■ **AVAILABLE RECORDS**
==================================================

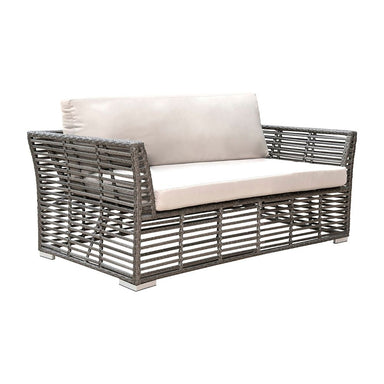 Wicker outdoor loveseat with beige cushions on a white background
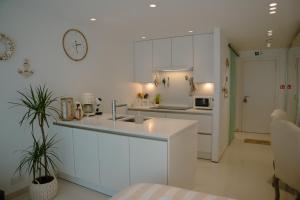 a white kitchen with a sink and a counter at The White coast studio in Nieuwpoort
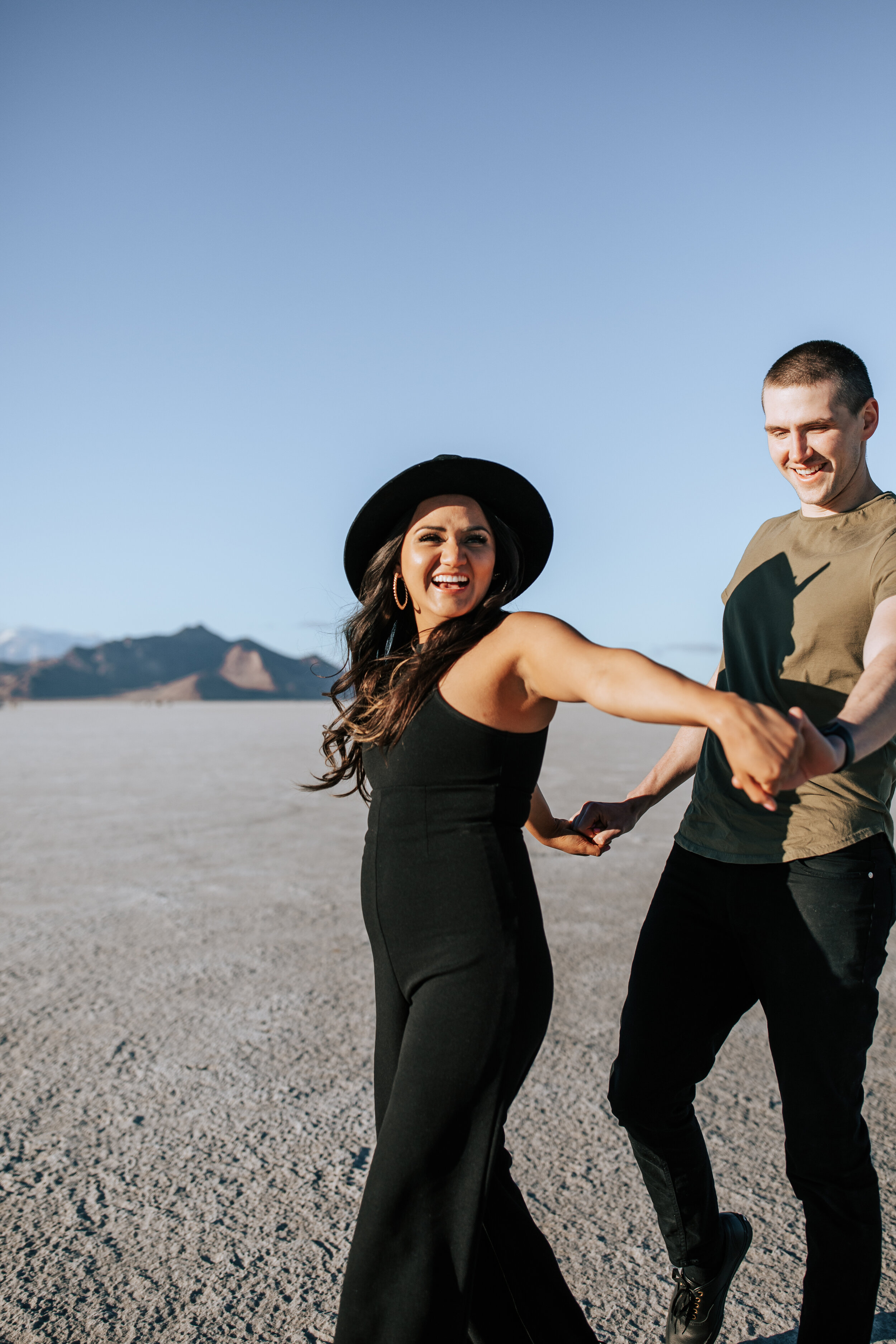  Engagement session at Bonneville Salt Flats near Salt Lake City, Utah. Couple walks across the Salt Flats near Wendover. Summer engagement shoot in Utah. Engagement shoot locations in Utah. Best places for engagement photos in Utah. Engagement outfi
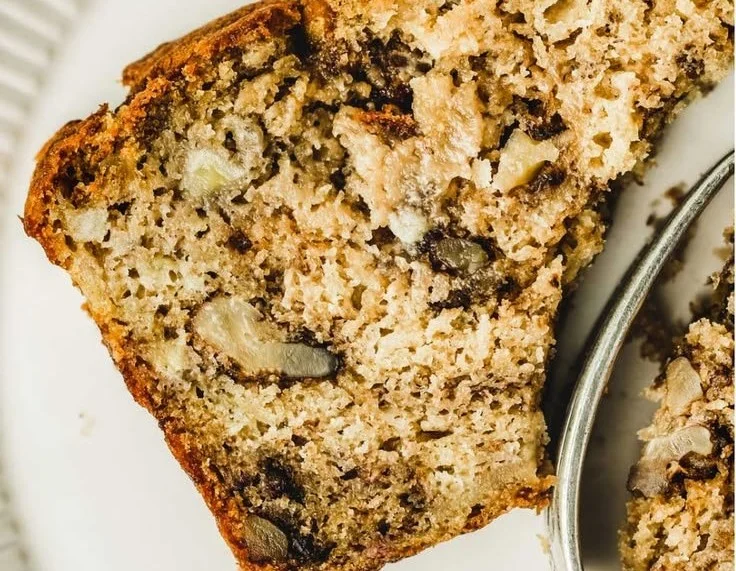 Delicious banana walnut bread fresh out of the oven with walnuts and ripe bananas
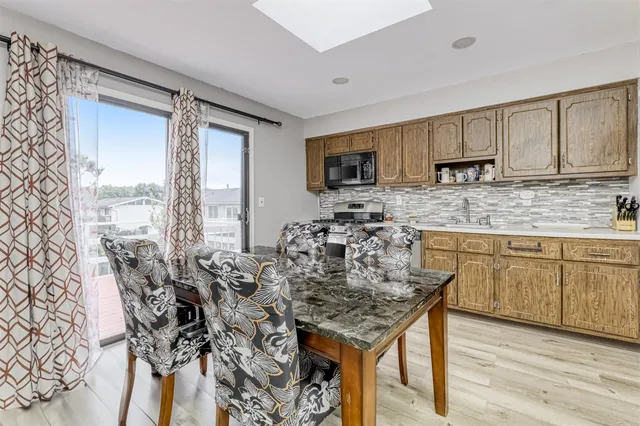 a kitchen with kitchen island granite countertop a table chairs sink and cabinets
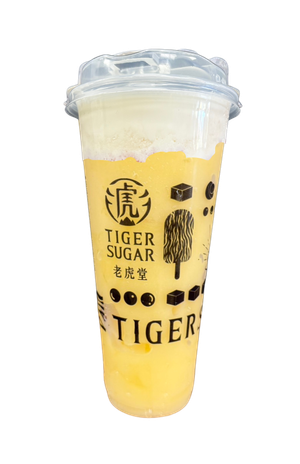 A mango-colored drink in a clear plastic cup with a white foam topping. The cup has the Tiger Sugar logo and branding.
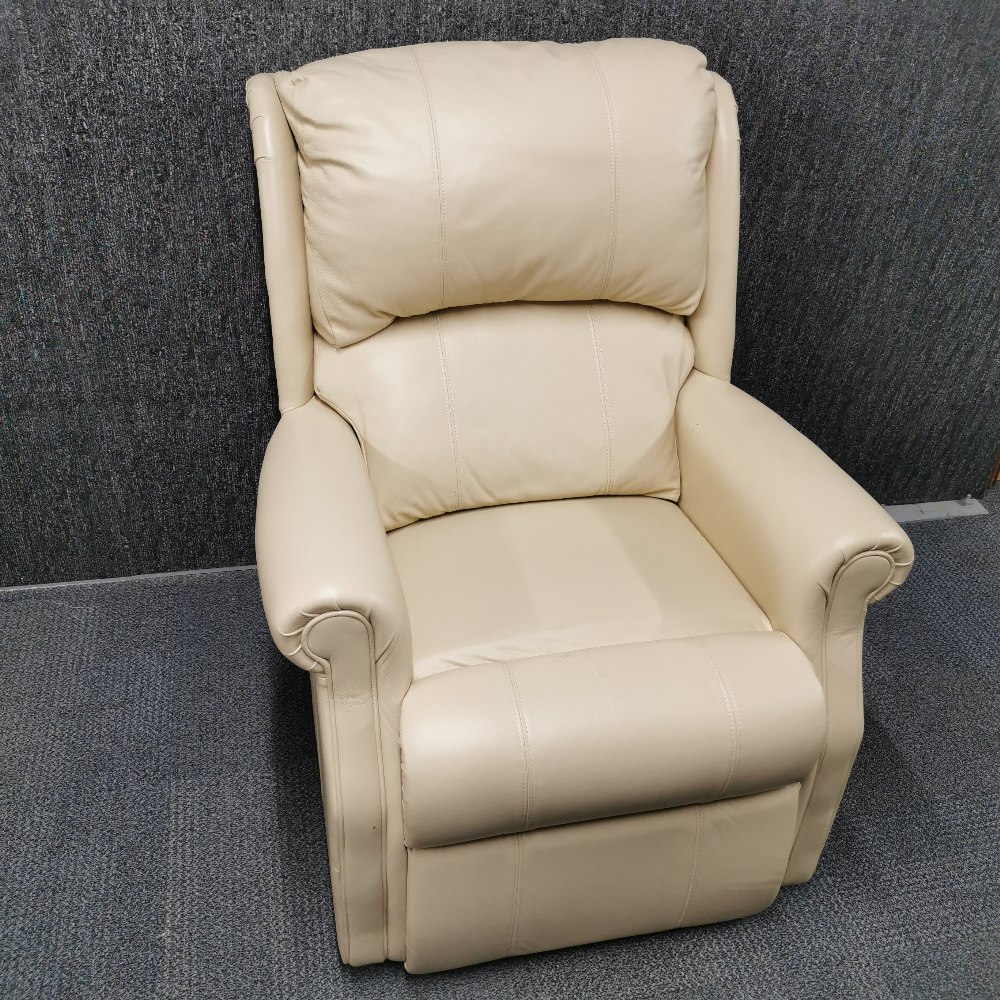 A large cream leather armchair, H. 107cm.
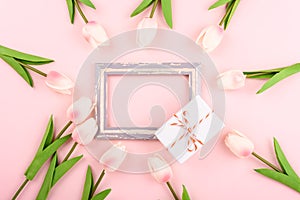 Happy Women`s Day, Mother`s Day concept. top view flat lay photo frame, gift box and Tulip flower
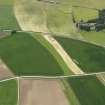 General oblique aerial view centred on the field boundaries with the cemetery adjacent, taken from the NNE.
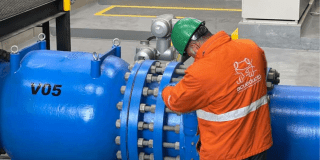 Imagen de un técnico de la empresa de Acueducto realizando mantenimiento en un tubo de alcantarillado.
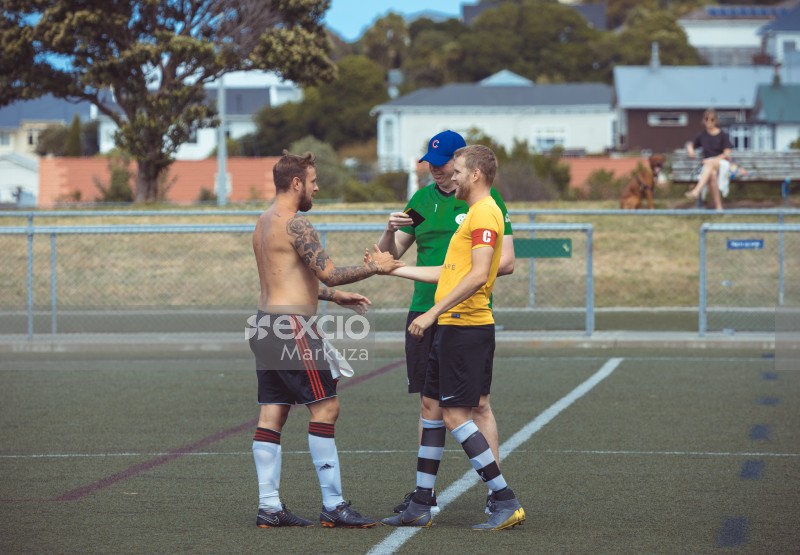 Shirtless player shakes hand at a football match - Sports Zone sunday league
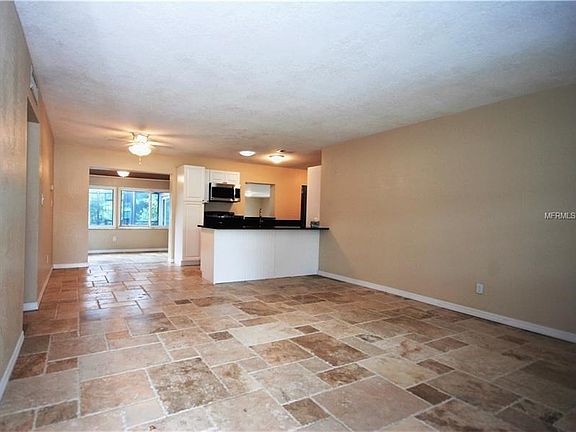 View from entryway to kitchen, eat in area and dining room.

==================================================

■ **EXERCISE**
Your copy should hold only the lines running from the one that contains "General oblique aerial" through the final line of the data; transcribe them exactly, both ends included, and leave pictures out.

■ **SOLUTION TO THIS EXERCISE**
 General oblique aerial view centred on the field boundaries with the cemetery adjacent, taken from the NNE.
 Imagen de un técnico de la empresa de Acueducto realizando mantenimiento en un tubo de alcantarillado.
 Shirtless player shakes hand at a football match - Sports Zone sunday league
 View from entryway to kitchen, eat in area and dining room.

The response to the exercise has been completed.